Globalization refers to the current economic and business situation in the world where these activities are carried out across the national boundaries in large volumes in without being trade barriers put up by various countries. The globalization is the net impact of is the result of tendency on part of businesses to widen the scale of their operation globally, as well as by countries adopting policies and practices that promote and facilitate international trade and economic cooperation between different countries.

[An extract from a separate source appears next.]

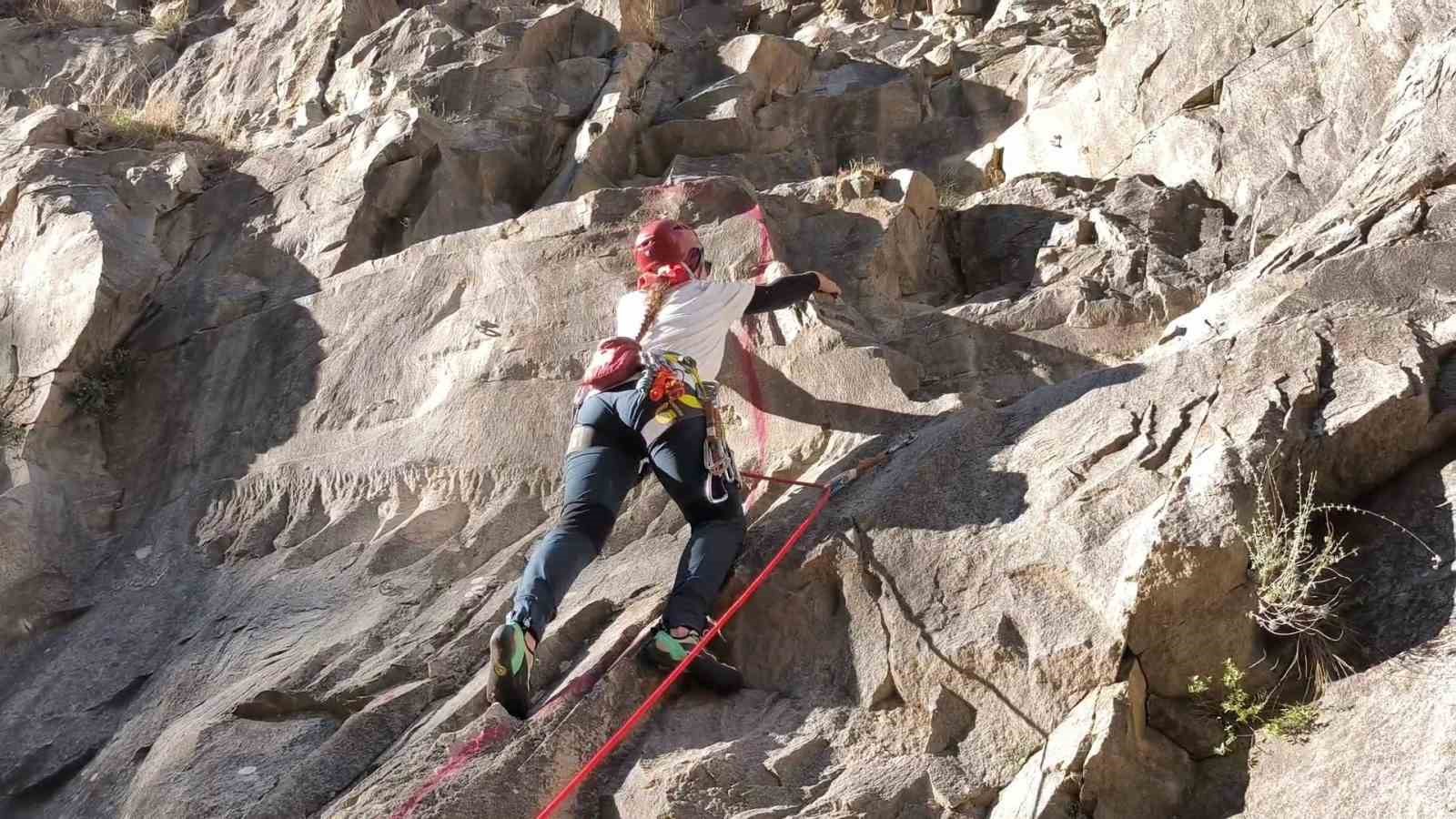 Gençlerden zorlu tırmanış eğitimi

Eagle114 already asked my question.
"Globalization refers to situation marked by substantial degree of economic activities carried out across boundaries of different countries or nations."
So the short answer:
Globalization is trade.
Or, as Brettd has implied, globalization is more than exchange of money, capital, labor, and natural resources.

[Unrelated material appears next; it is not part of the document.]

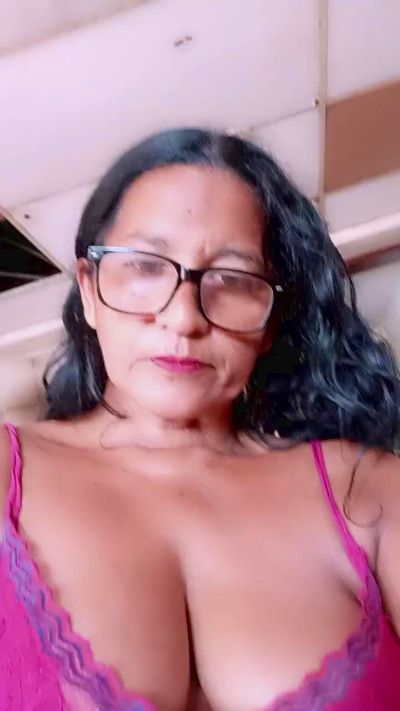 Dulcemargarita live cam on Cam4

“Overall, the main idea is that there are getting to be more and more ways in which people in different countries are connected to one another.”
Globalization is trade, but it is up front and personal.
Wordprof suggests that rather than the movement of money, capital, labor, or natural resources, globalization is management's decision to move money, capital, labor, or natural resources.
So globalization is the decision to do rather than the doing itself.
According to Pohnpei397, globalization is a marketing strategy in which a firm sells the same product in many markets as opposed to regionalization or localization in which a firm sells different products in each markets.
So some of the confusion about the meaning of globalization come from the fact that different professions use the word in different ways. To business people globalization is a decision or a strategy. To economists it must be a fancy word for trade. To the rest of us it must be the effects of trade on all forms of culture, like language, religion, food, law, politics, and economy.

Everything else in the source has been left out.